Karena itu, perlu peran aktif dari masyarakat. Susianah menekankan pentingnya edukasi dan sosialisasi kepada masyarakat mengenai pentingnya mencegah kekerasan terhadap anak sekalipun di ruang privat.
Sementara itu, Arif menyatakan, masyarakat harus diberdayakan melalui kegiatan RT dan RW sehingga perhatian antarwarga berkembang. Di samping itu, institusi agama perlu dikerahkan untuk memberi pembekalan tentang pernikahan bagi para calon pasangan baru.
Adapun Eliantoro menyatakan baru pertama kali menjumpai kekerasan terhadap anak oleh ibunya sendiri di wilayah hukum Polsek Jatiuwung. Ia pun mengimbau masyarakat untuk tidak ragu melapor kepadanya jika mengetahui adanya kekerasan terhadap anak. ”Fungsi kami adalah mengamankan masyarakat.
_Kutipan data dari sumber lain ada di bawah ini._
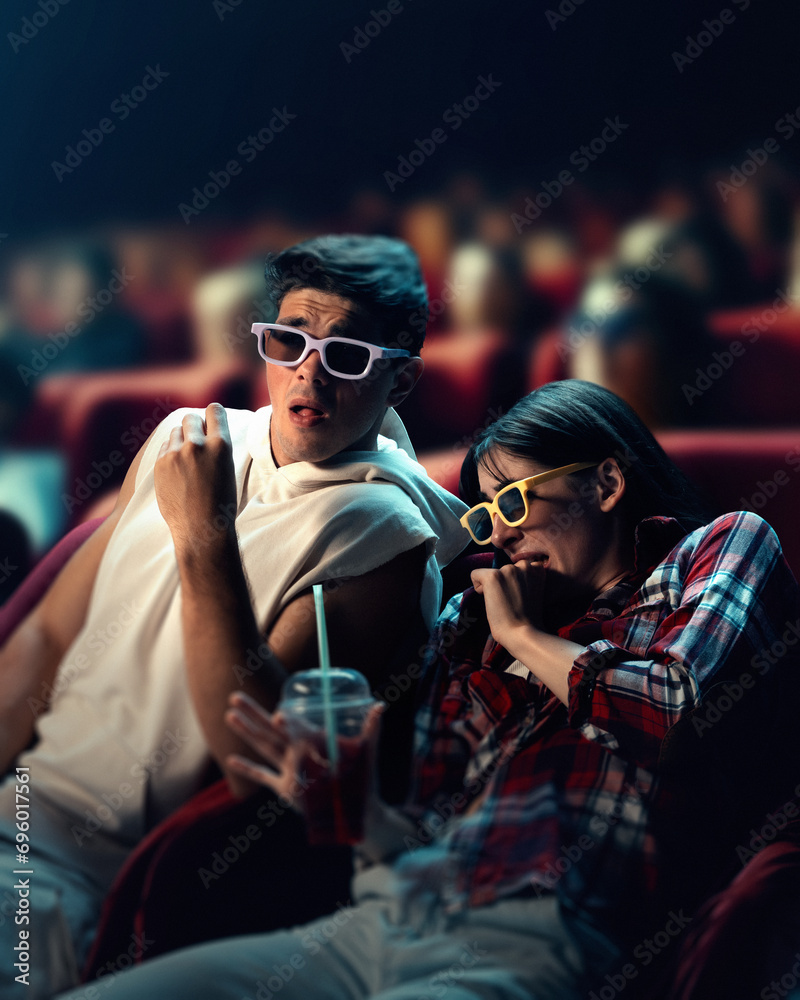 Emotional young man and woman wearing 3D glasses, sitting in cinema and watching horror movie. Emotions of fear. Concept of leisure time, relationship, emotions, weekend activity Emotional young man and woman wearing 3D glasses, sitting in cinema and watching horror movie. Emotions of fear. Concept of leisure time, relationship, emotions, weekend activity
Setiap laporan pasti kami tindak lanjuti,” ujarnya.
QLR seharusnya dapat dilindungi Undang-Undang Nomor 35 Tahun 2014 tentang Perlindungan Anak yang tak mengenal istilah ranah privat ataupun publik. Pemenuhan haknya untuk bebas dari kekerasan pun menjadi tanggung jawab setiap orang dewasa di sekitarnya. Nyawa seorang anak tak dapat dibandingkan dengan aib keluarga. (KRISTIAN OKA PRASETYADI)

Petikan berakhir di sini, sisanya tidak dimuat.